2. Violence is increasing
3. Iraq is in a civil war
4. 1.6 million Iraqis are displaced within the country
5. 1.8 million have left the country
6. The U.S. military is spread too thin. A troop increase is not an option.
7. Current U.S. policy is not working
8. Afghanistan is dissolving
9. A new approach must be taken immediately
10. A "stay the course" policy is unacceptable

All-in-all the panel set forward 79 recommendations, most of which are summarized by increased diplomacy, increased support for the training of Iraqi forces and the rebuilding of Iraqi infrastructure, and increased pressure on the Iraqi government to perform. That's 79 steps that all need to be taken with a sense of urgency. Sobering.

Some of the most glaring recommendations, in my opinion, come at the end. One calls for the Bush administration to stop routing the war through emergency funds, which circumvent the normal budget process. This leads to a lack of accountability, and no budget reductions. Of course this is exactly how Bush and Cheney have wanted it--they get the war rhetoric without asking the government or taxpayers to sacrifice.

Another recommendation: increased culture and language training for those to be deployed to Iraq. Out of the 1,000 people working at the U.S. embassy in Iraq only 33 speak Arabic. Hmm, imagine that? Thankfully, the panel was nice enough to include a map attached to the report so they could point where Iraq was, and what the names of its neighbors are.

Finally, our intelligence community is not properly analyzing the insurgency in Iraq. In-case you forgot the insurgency is 99% of the problem. But what do I know? Also, these agencies typically report lower violence levels than what is currently happening. That's probably what the boss wants to hear, but it doesn't help get more troop armor into the field.

I find it disheartening that intelligence failures, which led to the war four years ago, are again addressed in a review designed to help us get out of that same war.

Some will read the 79 recommendations and be heartened. Specifically the report's statement that it agrees with the goal of U.S. policy in Iraq--a free Iraq that can govern and protect itself. The problem, of course, is that there's a mile between the beginning and end of that sentence.

I find it very hard to read the report without reverting to anger at the foolish hubris that got us into this mess to begin with. The report's 160 pages read like a laundry list of failures replete with "no duh" statements like the U.S. should invest in more cultural awareness, and that Iraq does not exist in a vacuum. Perhaps that is the crux of the entire problem? A war in the Middle East led by a Commander n' Chief who could scarcely comprehend there were two major factions in Islam.

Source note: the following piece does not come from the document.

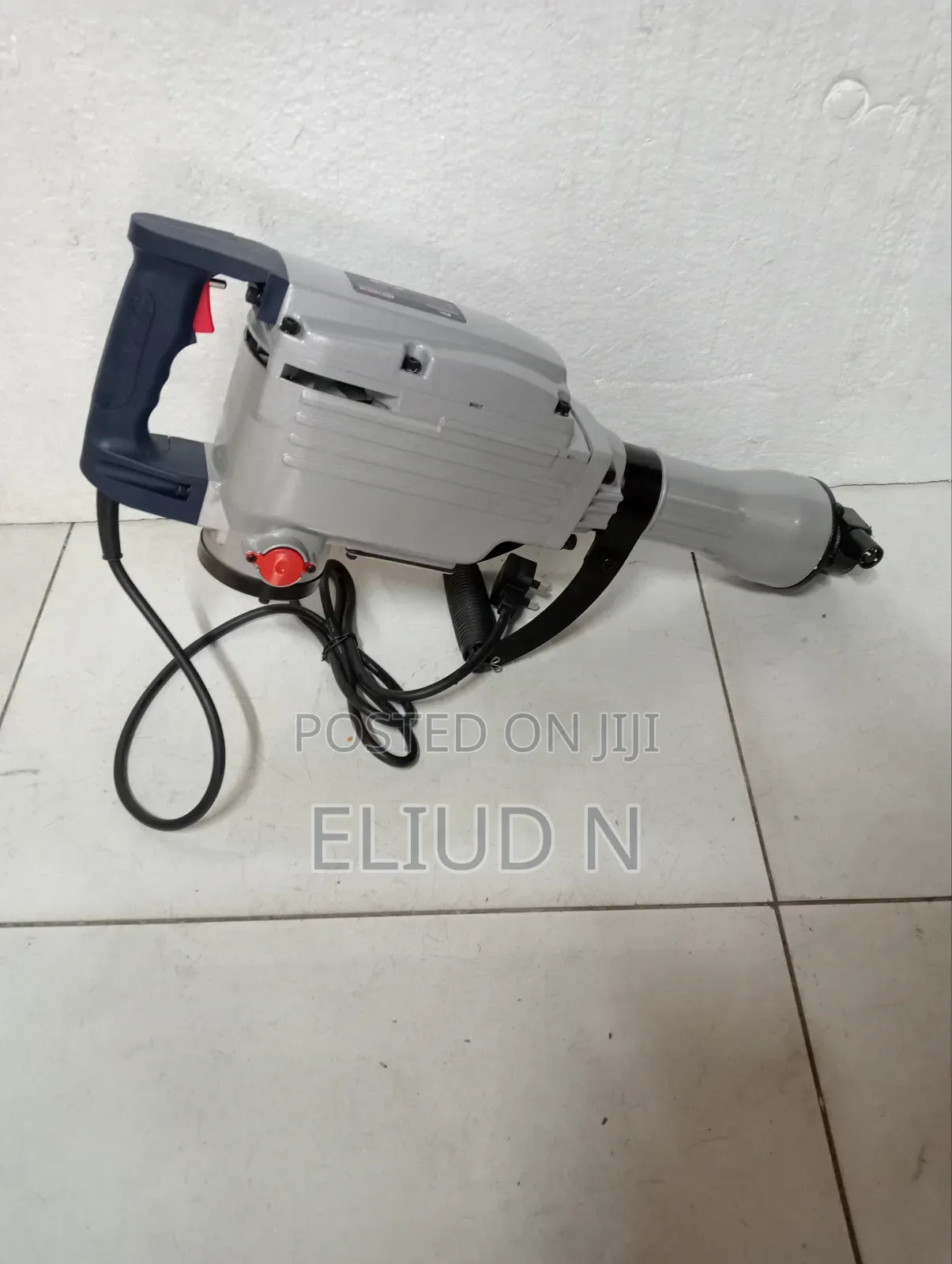 1450w Heavy Duty Demolition Hammer/Maxmech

If the obvious must be reiterated in a report of this importance, I'm sure you'll allow my skepticism about our President's ability to implement it. And if diplomacy is the best route out of this mess, excuse me while I begin to shiver. Ours is a president who has the unique talent of smirking and slouching while speaking to you as if you were a foolish child. He practically begs you to smack him with a frying pan. That said, hopefully our diplomacy with the region will do better than our "efforts" with Israel and Palestine.

The panel, correctly, sees the Israeli-Palestinian conflict as an exacerbating tension in the region. The panel cites U.N. 242 as a panacea to the situation. The idea is nice. But peace probably wont occur as long as Israel continues to build settlements in the occupied territories (in violation of U.N. 242), which erodes Palestinian confidence in any peace process, which augments a group like Hamas. The U.S. quickly cut off Palestinian financial aid after Hamas was elected, which further erodes any peace process.

Well, we'll see. We're like that annoying kid at Christmas, digging through underwear drawers and messing everything up. The places we shouldn't be we are. The place where maybe we should be we've largely ignored. I very much look forward to the next panel for the next disaster. Thank you for assembling.